The interior of a building is in the form of a cylinder of base radius 12 m and height 3×5 m surmounted by a cone of equal base and slant height 14 m. Find the internal curved surface area of the building.

Answer 1

Step 1: Understanding the problem:
We are asked to find the internal curved surface area of a building. The building has two parts: a cylinder and a cone. The cylinder has a base radius of 12 m and a height of \( 3 \times 5 = 15 \) m. The cone has the same base radius of 12 m and a slant height of 14 m.
The internal curved surface area consists of the curved surface area of both the cylinder and the cone.

Step 2: Formula for the curved surface area of the cylinder:
The formula for the curved surface area of a cylinder is:
\[ A_{\text{cylinder}} = 2 \pi r h \] where \( r \) is the radius of the base and \( h \) is the height of the cylinder.
Substitute \( r = 12 \) m and \( h = 15 \) m:
\[ A_{\text{cylinder}} = 2 \pi \times 12 \times 15 = 360 \pi \, \text{m}^2 \]

Step 3: Formula for the curved surface area of the cone:
The formula for the curved surface area of a cone is:
\[ A_{\text{cone}} = \pi r l \] where \( r \) is the radius of the base and \( l \) is the slant height of the cone.
Substitute \( r = 12 \) m and \( l = 14 \) m:
\[ A_{\text{cone}} = \pi \times 12 \times 14 = 168 \pi \, \text{m}^2 \]
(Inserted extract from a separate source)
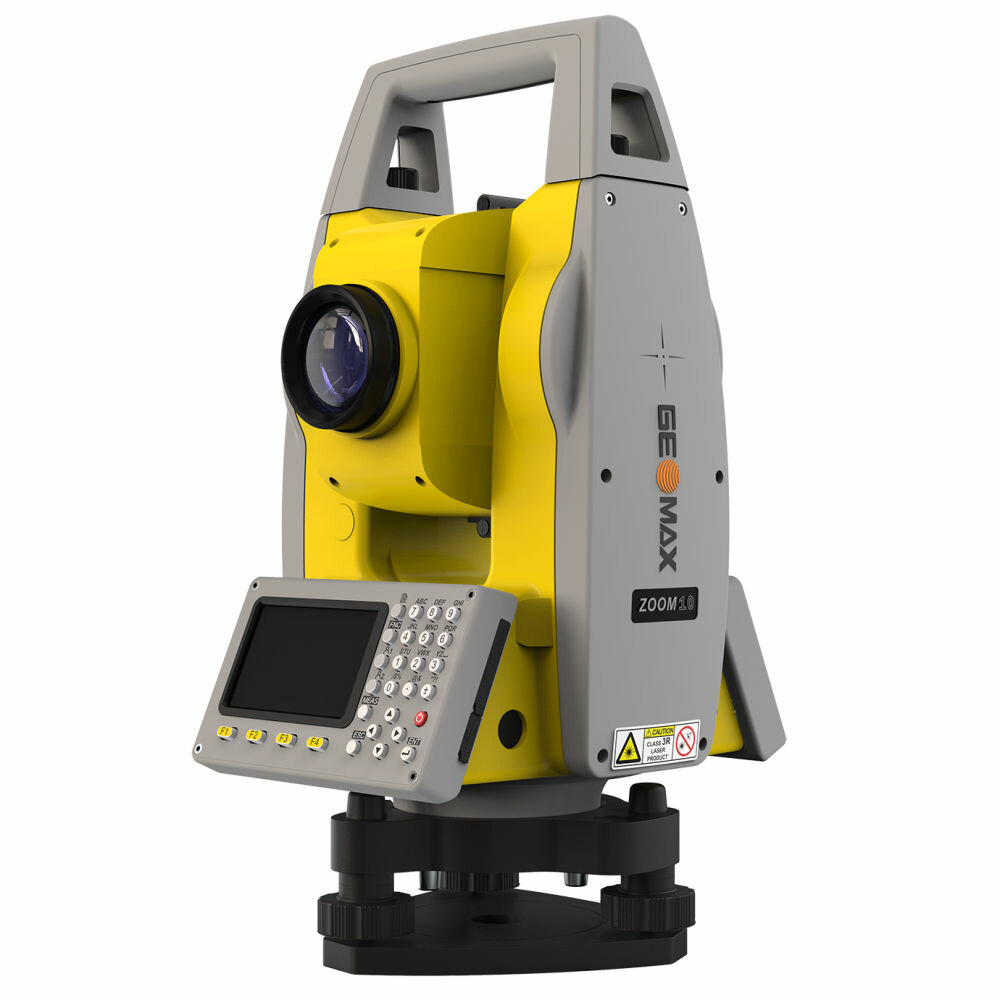 Тахеометр GeoMax ZOOM10 2quot;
Step 4: Total internal curved surface area:
The total internal curved surface area is the sum of the curved surface areas of the cylinder and the cone:
\[ A_{\text{total}} = A_{\text{cylinder}} + A_{\text{cone}} = 360 \pi + 168 \pi = 528 \pi \, \text{m}^2 \]

Step 5: Final answer:
The internal curved surface area of the building is \( 528 \pi \, \text{m}^2 \), which is approximately:
\[ 528 \pi \approx 528 \times 3.1416 = 1658.6 \, \text{m}^2 \] Thus, the internal curved surface area of the building is approximately \( 1658.6 \, \text{m}^2 \).